Like terms in algebra are terms that have the same variables raised to the same power. They are the building blocks for simplifying expressions, as these are the only terms that can be combined. Let's look into what makes terms "like."

Here are some tips:

• Terms like \(9a\) and \(2a\) are considered like terms because they both contain the variable \(a\).
• Constant numbers, like \(1\) and \(6\), are also like terms because they have no variable attached.

Understanding like terms is crucial because only these terms can be combined to simplify an expression. If terms are not like terms, they must remain separate in the expression. You'll often find like terms in polynomials as well, which can then be added or subtracted depending on their coefficients.

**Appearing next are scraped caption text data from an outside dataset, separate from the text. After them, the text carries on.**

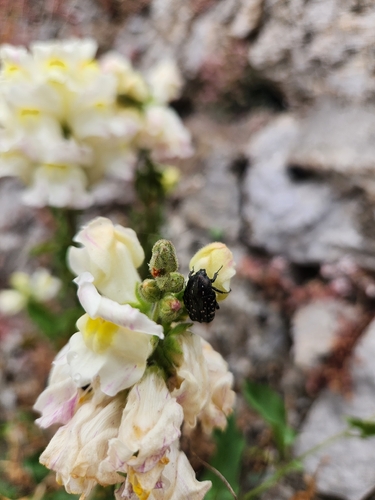 Mediterranean Spotted Chafer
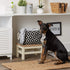 Bone Dry Pet Storage Collection Lattice Paw Print, Small Rectangle, Black...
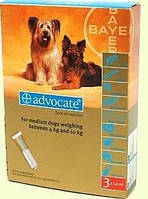 Advocate (Адвокат) капли для собак весом от 4 до 10кг, 1 пипетка (Bayer)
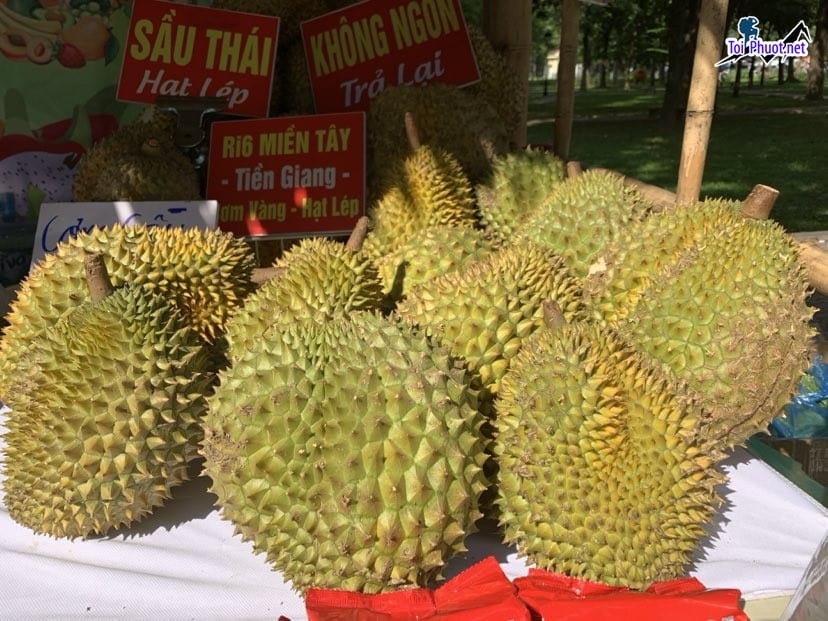 Top 5 cung cấp bán sầu riêng giá rẻ tốt chất lượng Thái Nguyên không có thuốc (2)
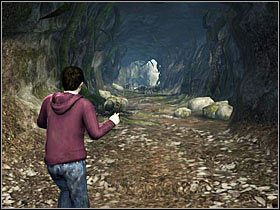 Krocząc jedyną ścieżką trafisz do lasu, gdzie zaatakują Cię pająki - Misja 9- Zemsta goblina (1) | Opis przejścia Harry Potter i Insygnia Śmierci - Harry Potter i Insygnia Śmierci - część 1 - poradnik do gry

The commutative property is one of the foundational properties of arithmetic and algebra. It states that the order in which you add or multiply numbers does not change the result.

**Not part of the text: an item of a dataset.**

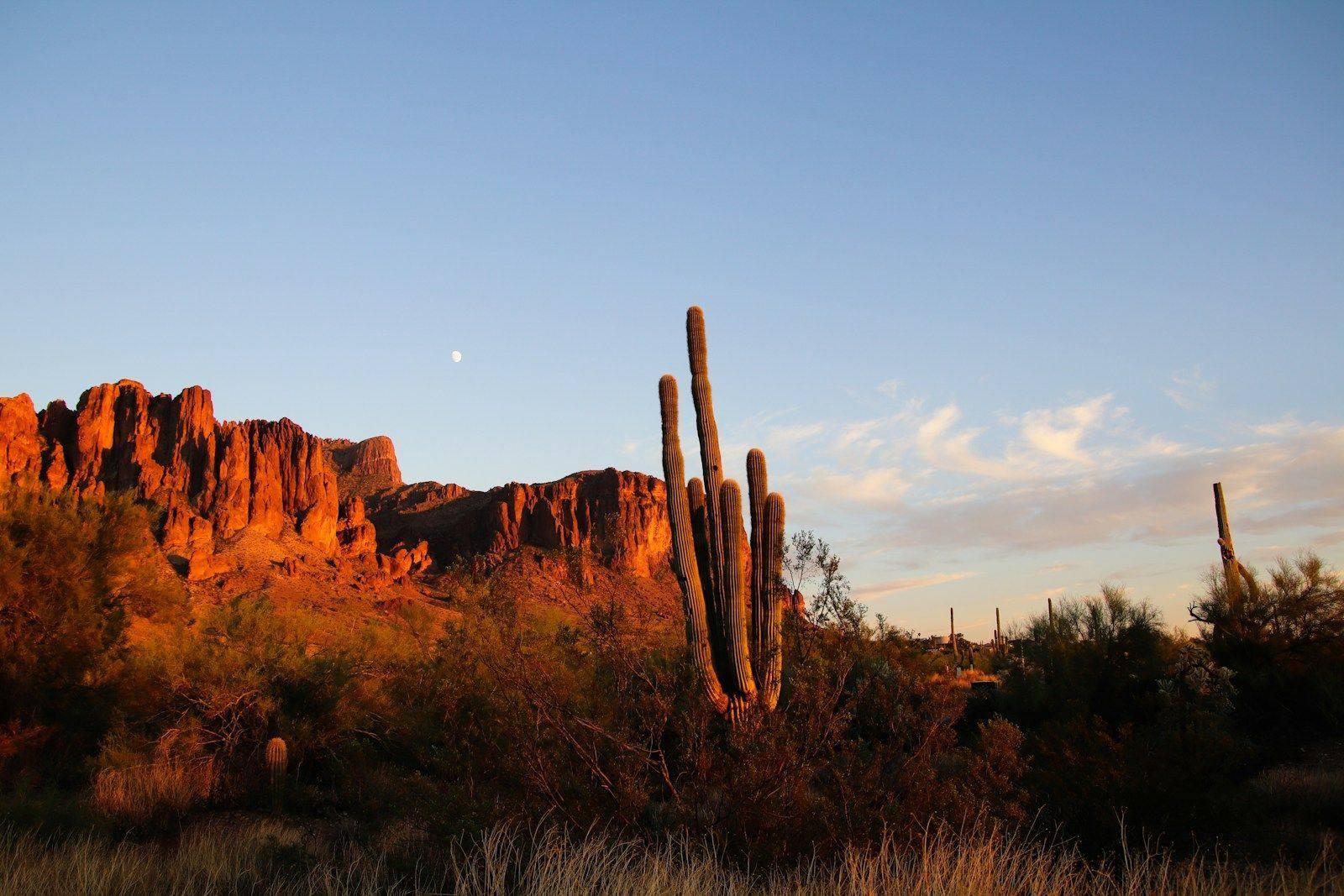 Superstition cliffs glowing red at sunset over desert brush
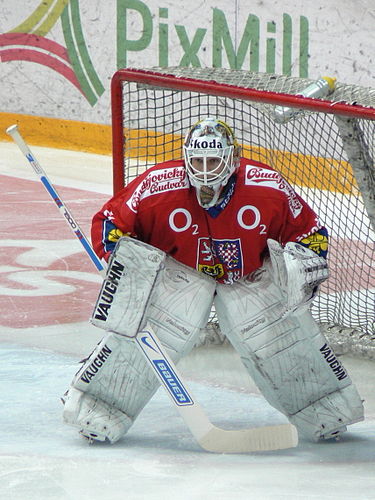 Tomas Duba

Let's see how this helps you with simplifying expressions:

• When simplifying expressions like \(9a + 1 + 2a + 6\), you can safely rearrange to \(9a + 2a + 1 + 6\).
• Re-ordering helps you to visually group like terms together.

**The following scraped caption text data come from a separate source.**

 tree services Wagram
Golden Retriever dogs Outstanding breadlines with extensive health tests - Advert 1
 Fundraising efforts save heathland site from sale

By doing this, you can make the next step of combining like terms a lot easier. This property is very handy in simplifying expressions and making calculations simpler.

After identifying and rearranging like terms, the next step is combining them. Once your like terms are grouped together thanks to the commutative property, you can add or subtract them easily.

Here’s how to do it:

• For terms with variables like \(9a\) and \(2a\), you combine them by adding their coefficients: \(9 + 2 = 11\), resulting in \(11a\).
• For constant terms like \(1\) and \(6\), you simply add them together to get \(1 + 6 = 7\).

Once combined, the expression \(9a + 1 + 2a + 6\) simplifies to \(11a + 7\). This method of combining like terms is essential in transforming and simplifying algebraic expressions.